Quando me falaram que eu ía ficar de molho por bastante tempo, eles não especificaram que o tempo seria um semestre inteiro. Um semestre sem ir para as ruas e combater os seres que atormentam a humanidade. Não especificaram que eu teria que fazer um dos trabalhos que os Agentes do FBI mais odeiam. O serviço atrás da mesa. Serviço de pesquisa e preenchimento de papeladas. Se eu não morri com um maldito demônio, aquele serviço me mataria durante o transcorrer do semestre com certeza. Não tendo o que fazer, comecei então a pesquisar o que meu chefe tinha pedido. 70 aparições. Este era o número de vezes que aquele demônio tinha deixado sua presença aparente em Nova Orleans. 70 relatos de pessoas que foram tomadas como loucas pelo simples fato de que tais relatos pareciam improváveis. 70 relatos em que o FBI teve que tomar as rédeas dizendo que se tratava de um psicopata que sabia trabalhar com o medo e a superstição dos incrédulos. Ainda fico me perguntando se o filme Homens de Preto ajudou-nos em nosso trabalho, ou se ele apenas dificultou. Afinal… Pessoas que não possuem medo são as primeiras a morrer nas mãos daquilo que elas pensam que não passa de um fruto de suas imaginações férteis.

– Alice… Teremos visita esta tarde… O que você descobriu sobre o seu antigo amigo?

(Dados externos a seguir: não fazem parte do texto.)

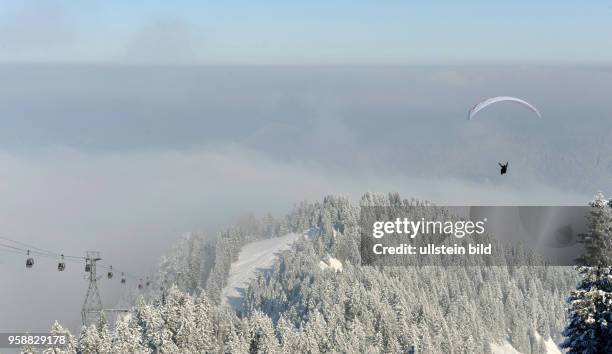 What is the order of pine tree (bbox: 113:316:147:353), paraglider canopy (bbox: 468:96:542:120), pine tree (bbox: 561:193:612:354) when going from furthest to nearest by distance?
1. pine tree (bbox: 113:316:147:353)
2. paraglider canopy (bbox: 468:96:542:120)
3. pine tree (bbox: 561:193:612:354)

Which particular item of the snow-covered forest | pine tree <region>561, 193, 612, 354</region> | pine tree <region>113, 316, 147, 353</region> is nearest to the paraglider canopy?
pine tree <region>561, 193, 612, 354</region>

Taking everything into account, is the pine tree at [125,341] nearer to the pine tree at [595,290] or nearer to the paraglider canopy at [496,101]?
the paraglider canopy at [496,101]

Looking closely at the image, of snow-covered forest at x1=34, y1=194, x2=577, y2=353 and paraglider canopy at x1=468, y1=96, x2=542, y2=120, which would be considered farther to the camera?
snow-covered forest at x1=34, y1=194, x2=577, y2=353

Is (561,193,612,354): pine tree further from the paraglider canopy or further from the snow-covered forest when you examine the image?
the snow-covered forest

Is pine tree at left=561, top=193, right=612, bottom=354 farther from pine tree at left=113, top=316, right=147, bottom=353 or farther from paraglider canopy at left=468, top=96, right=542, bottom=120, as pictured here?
pine tree at left=113, top=316, right=147, bottom=353

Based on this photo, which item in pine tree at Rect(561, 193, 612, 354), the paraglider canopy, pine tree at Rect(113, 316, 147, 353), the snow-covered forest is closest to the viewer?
pine tree at Rect(561, 193, 612, 354)

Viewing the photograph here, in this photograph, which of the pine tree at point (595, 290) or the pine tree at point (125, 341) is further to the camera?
the pine tree at point (125, 341)

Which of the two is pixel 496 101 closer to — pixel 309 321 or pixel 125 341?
pixel 125 341

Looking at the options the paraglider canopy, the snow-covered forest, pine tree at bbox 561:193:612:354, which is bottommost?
pine tree at bbox 561:193:612:354

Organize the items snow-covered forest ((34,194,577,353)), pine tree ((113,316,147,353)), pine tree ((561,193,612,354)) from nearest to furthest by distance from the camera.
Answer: pine tree ((561,193,612,354)) < pine tree ((113,316,147,353)) < snow-covered forest ((34,194,577,353))

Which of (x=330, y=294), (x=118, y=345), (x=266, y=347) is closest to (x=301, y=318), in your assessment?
(x=330, y=294)

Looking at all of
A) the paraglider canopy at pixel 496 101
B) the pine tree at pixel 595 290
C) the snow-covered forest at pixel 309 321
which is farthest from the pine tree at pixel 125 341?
the pine tree at pixel 595 290

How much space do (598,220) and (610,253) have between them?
70.0 inches

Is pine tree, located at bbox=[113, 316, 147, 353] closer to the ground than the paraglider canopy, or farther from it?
closer to the ground
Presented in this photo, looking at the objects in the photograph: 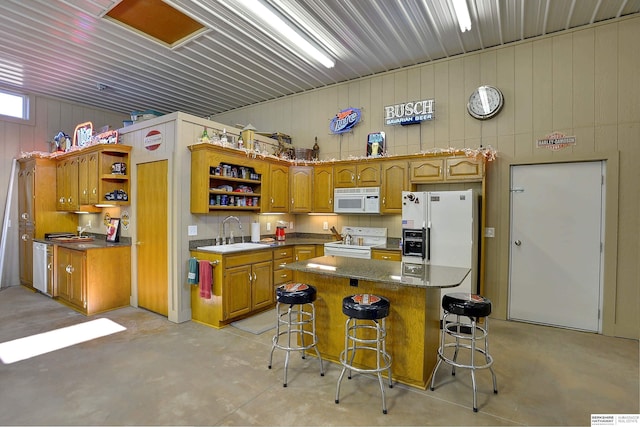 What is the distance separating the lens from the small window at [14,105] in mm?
5698

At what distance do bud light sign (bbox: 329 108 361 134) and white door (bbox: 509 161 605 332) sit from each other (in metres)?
2.56

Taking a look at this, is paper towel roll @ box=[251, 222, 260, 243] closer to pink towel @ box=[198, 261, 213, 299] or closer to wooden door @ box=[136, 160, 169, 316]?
pink towel @ box=[198, 261, 213, 299]

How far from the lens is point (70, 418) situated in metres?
2.18

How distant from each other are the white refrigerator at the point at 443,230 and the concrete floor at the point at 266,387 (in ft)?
3.29

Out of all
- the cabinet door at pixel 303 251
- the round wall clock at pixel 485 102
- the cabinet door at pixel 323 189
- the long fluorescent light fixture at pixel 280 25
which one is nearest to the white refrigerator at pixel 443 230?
the round wall clock at pixel 485 102

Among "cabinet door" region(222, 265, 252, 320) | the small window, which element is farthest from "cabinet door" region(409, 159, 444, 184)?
the small window

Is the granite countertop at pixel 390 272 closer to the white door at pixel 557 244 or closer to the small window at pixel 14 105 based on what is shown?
the white door at pixel 557 244

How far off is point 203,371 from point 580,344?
13.3 feet

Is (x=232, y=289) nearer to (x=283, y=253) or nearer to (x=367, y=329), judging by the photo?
(x=283, y=253)

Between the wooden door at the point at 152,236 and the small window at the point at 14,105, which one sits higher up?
the small window at the point at 14,105

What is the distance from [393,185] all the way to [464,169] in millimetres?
1006

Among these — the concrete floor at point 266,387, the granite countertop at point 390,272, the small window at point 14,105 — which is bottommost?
the concrete floor at point 266,387

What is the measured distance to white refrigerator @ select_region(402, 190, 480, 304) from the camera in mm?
3973

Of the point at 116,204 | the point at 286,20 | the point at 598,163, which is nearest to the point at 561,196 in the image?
the point at 598,163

Meu chefe tentava ser engraçado comigo. Tentava arrancar um sorriso, quando sabia o quão perigoso isso poderia vir a se tornar para ele. Mesmo sabendo o mal humor que eu me encontrava. Chamava meus próprios demônios de amigos. Amigos que eu gostava de partir ao meio. Arrancar o coração e a cabeça e quem sabe cremá-los até que não restasse um osso para contar o paradeiro destes “amigos”.

– 70 aparições aproximadamente. Ele soube causar estragos… Mas você disse que receberemos uma visita?

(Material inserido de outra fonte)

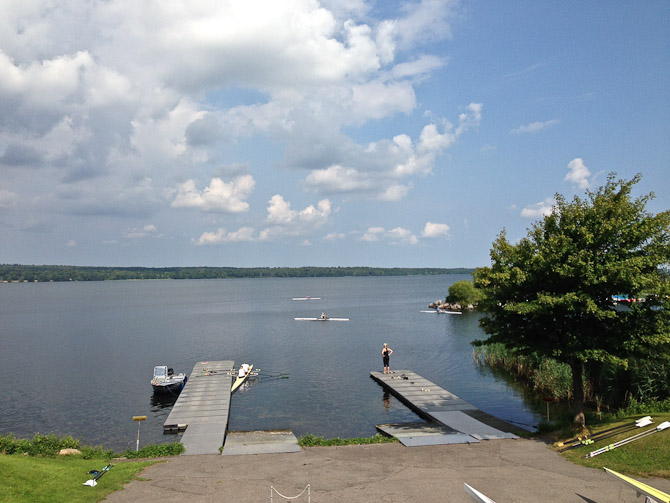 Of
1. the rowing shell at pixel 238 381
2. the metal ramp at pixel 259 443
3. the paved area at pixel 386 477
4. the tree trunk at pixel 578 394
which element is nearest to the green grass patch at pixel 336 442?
the metal ramp at pixel 259 443

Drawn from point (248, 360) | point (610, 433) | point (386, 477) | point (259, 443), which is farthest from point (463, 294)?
point (386, 477)

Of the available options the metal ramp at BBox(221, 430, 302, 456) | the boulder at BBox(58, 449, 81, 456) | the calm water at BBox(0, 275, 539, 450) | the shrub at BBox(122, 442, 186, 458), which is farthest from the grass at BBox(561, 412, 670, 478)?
the boulder at BBox(58, 449, 81, 456)

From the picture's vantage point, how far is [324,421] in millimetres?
31578

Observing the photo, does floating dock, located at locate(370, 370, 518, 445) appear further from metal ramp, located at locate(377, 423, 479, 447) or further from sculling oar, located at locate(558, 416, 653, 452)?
sculling oar, located at locate(558, 416, 653, 452)

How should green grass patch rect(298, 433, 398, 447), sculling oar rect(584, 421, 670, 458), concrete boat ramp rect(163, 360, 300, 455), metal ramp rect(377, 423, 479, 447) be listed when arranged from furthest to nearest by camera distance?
green grass patch rect(298, 433, 398, 447)
metal ramp rect(377, 423, 479, 447)
concrete boat ramp rect(163, 360, 300, 455)
sculling oar rect(584, 421, 670, 458)

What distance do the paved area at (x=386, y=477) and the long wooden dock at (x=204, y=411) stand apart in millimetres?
2707

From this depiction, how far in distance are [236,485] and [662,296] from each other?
1773 cm

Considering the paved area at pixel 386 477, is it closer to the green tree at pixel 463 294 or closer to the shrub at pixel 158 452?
the shrub at pixel 158 452

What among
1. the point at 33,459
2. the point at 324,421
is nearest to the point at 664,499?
the point at 33,459

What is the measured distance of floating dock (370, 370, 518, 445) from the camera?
A: 74.0 ft

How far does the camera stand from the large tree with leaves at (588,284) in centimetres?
2031

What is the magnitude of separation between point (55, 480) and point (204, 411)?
14802mm

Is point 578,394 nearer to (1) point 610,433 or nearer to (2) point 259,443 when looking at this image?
(1) point 610,433

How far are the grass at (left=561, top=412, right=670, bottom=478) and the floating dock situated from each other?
4066mm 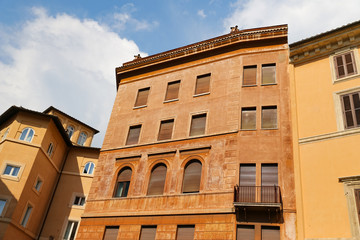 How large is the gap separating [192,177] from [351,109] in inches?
348

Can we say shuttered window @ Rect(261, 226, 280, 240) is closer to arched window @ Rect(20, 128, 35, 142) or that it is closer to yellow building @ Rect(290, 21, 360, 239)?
yellow building @ Rect(290, 21, 360, 239)

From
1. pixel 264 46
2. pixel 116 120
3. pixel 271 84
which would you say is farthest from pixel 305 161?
pixel 116 120

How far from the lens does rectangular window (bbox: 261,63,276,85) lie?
2090cm

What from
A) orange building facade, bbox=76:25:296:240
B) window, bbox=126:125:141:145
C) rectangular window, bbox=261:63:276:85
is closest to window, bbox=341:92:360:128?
orange building facade, bbox=76:25:296:240

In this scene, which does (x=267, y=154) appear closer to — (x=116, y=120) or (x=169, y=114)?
(x=169, y=114)

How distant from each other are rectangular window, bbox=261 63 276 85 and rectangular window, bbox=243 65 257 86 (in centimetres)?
50

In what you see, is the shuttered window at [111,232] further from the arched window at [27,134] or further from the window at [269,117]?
the arched window at [27,134]

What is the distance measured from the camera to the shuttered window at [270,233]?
15.7 m

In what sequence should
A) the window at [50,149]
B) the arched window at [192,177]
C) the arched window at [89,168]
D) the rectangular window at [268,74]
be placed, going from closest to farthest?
the arched window at [192,177] < the rectangular window at [268,74] < the window at [50,149] < the arched window at [89,168]

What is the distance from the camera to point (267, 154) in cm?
1808

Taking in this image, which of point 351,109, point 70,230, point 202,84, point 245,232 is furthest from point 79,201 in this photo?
point 351,109

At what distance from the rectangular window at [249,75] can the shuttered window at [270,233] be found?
28.7ft

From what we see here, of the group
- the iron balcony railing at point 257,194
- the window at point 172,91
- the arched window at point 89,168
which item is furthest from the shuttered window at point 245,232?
the arched window at point 89,168

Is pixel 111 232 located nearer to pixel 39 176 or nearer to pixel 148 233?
pixel 148 233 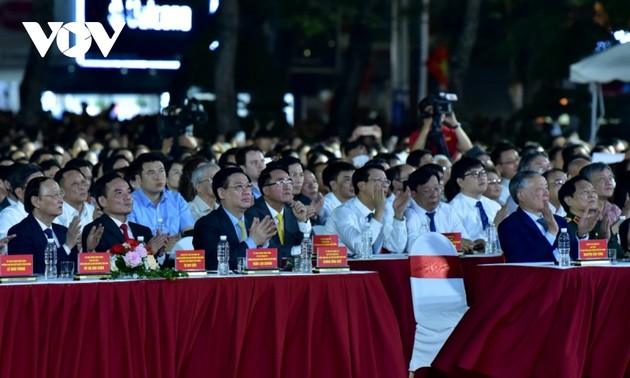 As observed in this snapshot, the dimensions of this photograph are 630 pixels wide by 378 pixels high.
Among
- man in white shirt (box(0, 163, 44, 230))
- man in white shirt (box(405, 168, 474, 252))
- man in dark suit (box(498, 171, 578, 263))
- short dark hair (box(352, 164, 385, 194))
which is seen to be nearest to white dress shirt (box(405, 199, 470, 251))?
man in white shirt (box(405, 168, 474, 252))

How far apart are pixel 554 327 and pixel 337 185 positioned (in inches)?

Ele podia ver-me intrigada. Quando ele dizia visita no tom que ele disse, e ainda desconversando o assunto usando o meu último caso… Isso significava que talvez teríamos algo grande em nossas mãos. Péssima hora para se estar atras de uma mesa. Mas depois disso o ritmo voltou ao normal e continuei a fazer o meu serviço.

Perto do fim da tarde. Um pouco antes da hora do jantar… Nosso visitante chegou.

O rapaz chorava copiosamente. Dizia que não era culpado. Mas algo estava absurdamente errado. Por que os agentes pareciam temê-lo?

Dois dos sete agentes entravam na seção 9 depois do rígido procedimento. Uma das portas eram lacradas e a segunda era lacrada assim que o rapaz era jogado dentro do hall de entrada.

– O que ele fez?

Os sensores nada apontavam. Uma tecnologia de ponta digna de filmes de ficção científica. O rapaz continuava a chorar. Sentia-se acuado sem saber que estava sendo vigiado.

– Não o julge pela aparência Agente Lupin. Este rapaz matou 48 pessoas em um cinema. Pôs abaixo três guardas que atiraram nele e mesmo tendo levado tantos tiros, nada o fez parar. Ele continuou andando. Mais guardas chegaram. Estavam apavorados. Atiraram no rapaz que ainda avançava em direção a eles e só parou depois de levar o tiro de uma granada de gás lacrimogênio no meio da testa.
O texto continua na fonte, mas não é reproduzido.